_Supplied data:_

________________

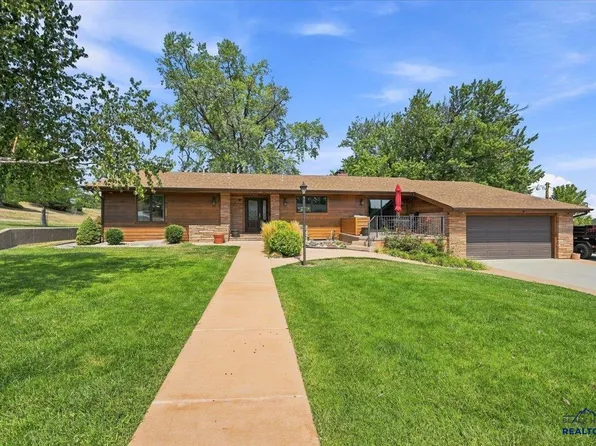 930 Saint Francis St, Rapid City, SD 57701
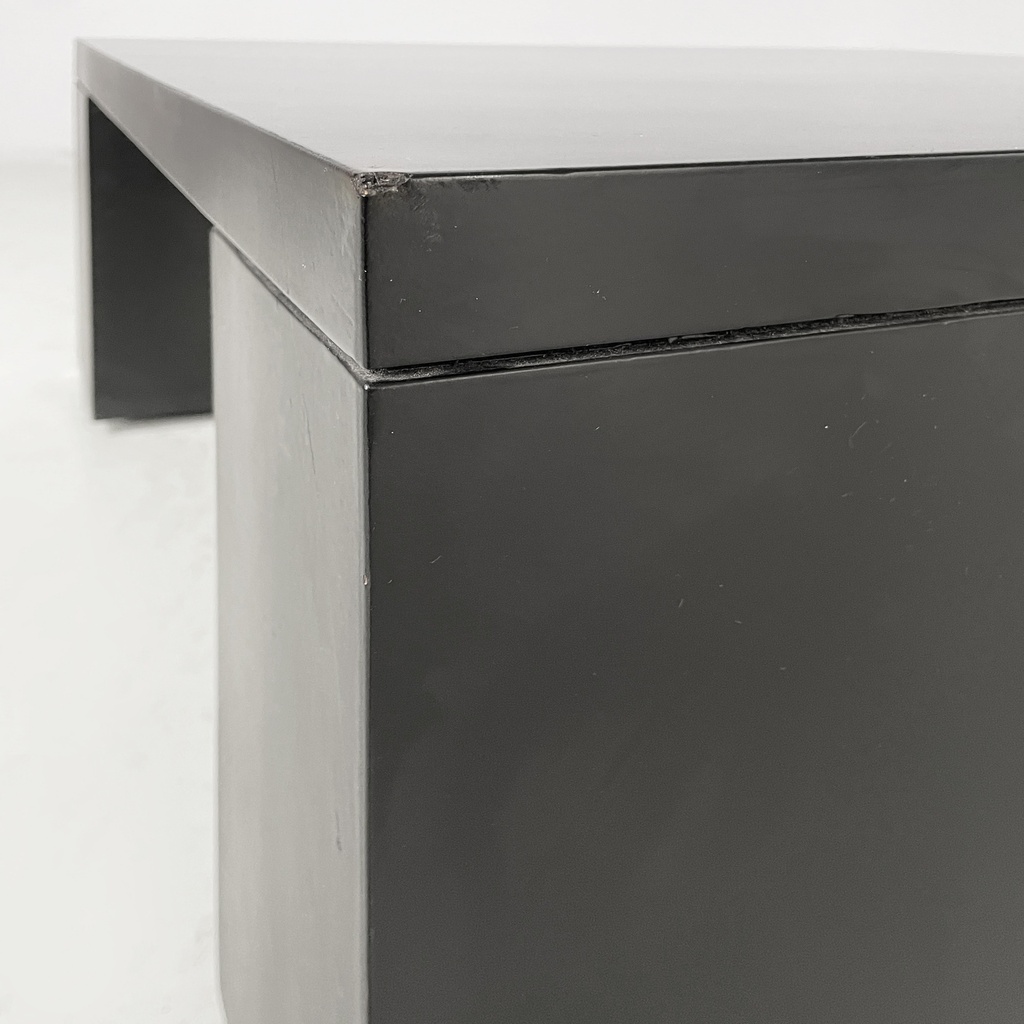 Tavolo da caffè in legno nero, 1980 ca.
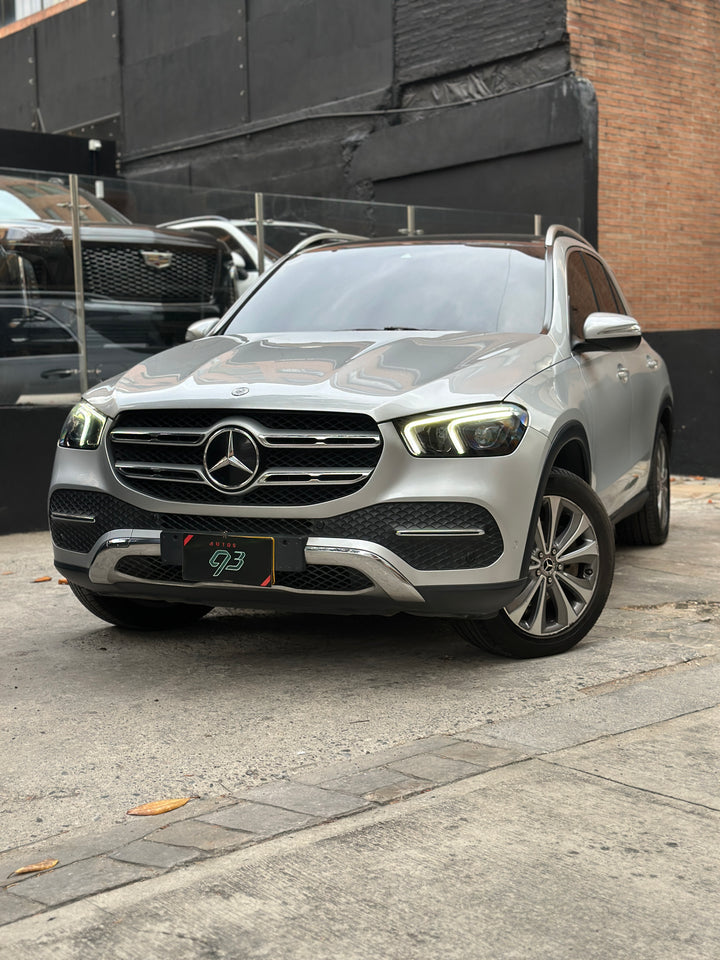 Mercedes-Benz GLE 300D 4MATIC 2020 - Autos 93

________________

Set down the material exactly, every line of it, except for the pictures.

_Response for this exercise:_
 930 Saint Francis St, Rapid City, SD 57701
 Tavolo da caffè in legno nero, 1980 ca.
 Mercedes-Benz GLE 300D 4MATIC 2020 - Autos 93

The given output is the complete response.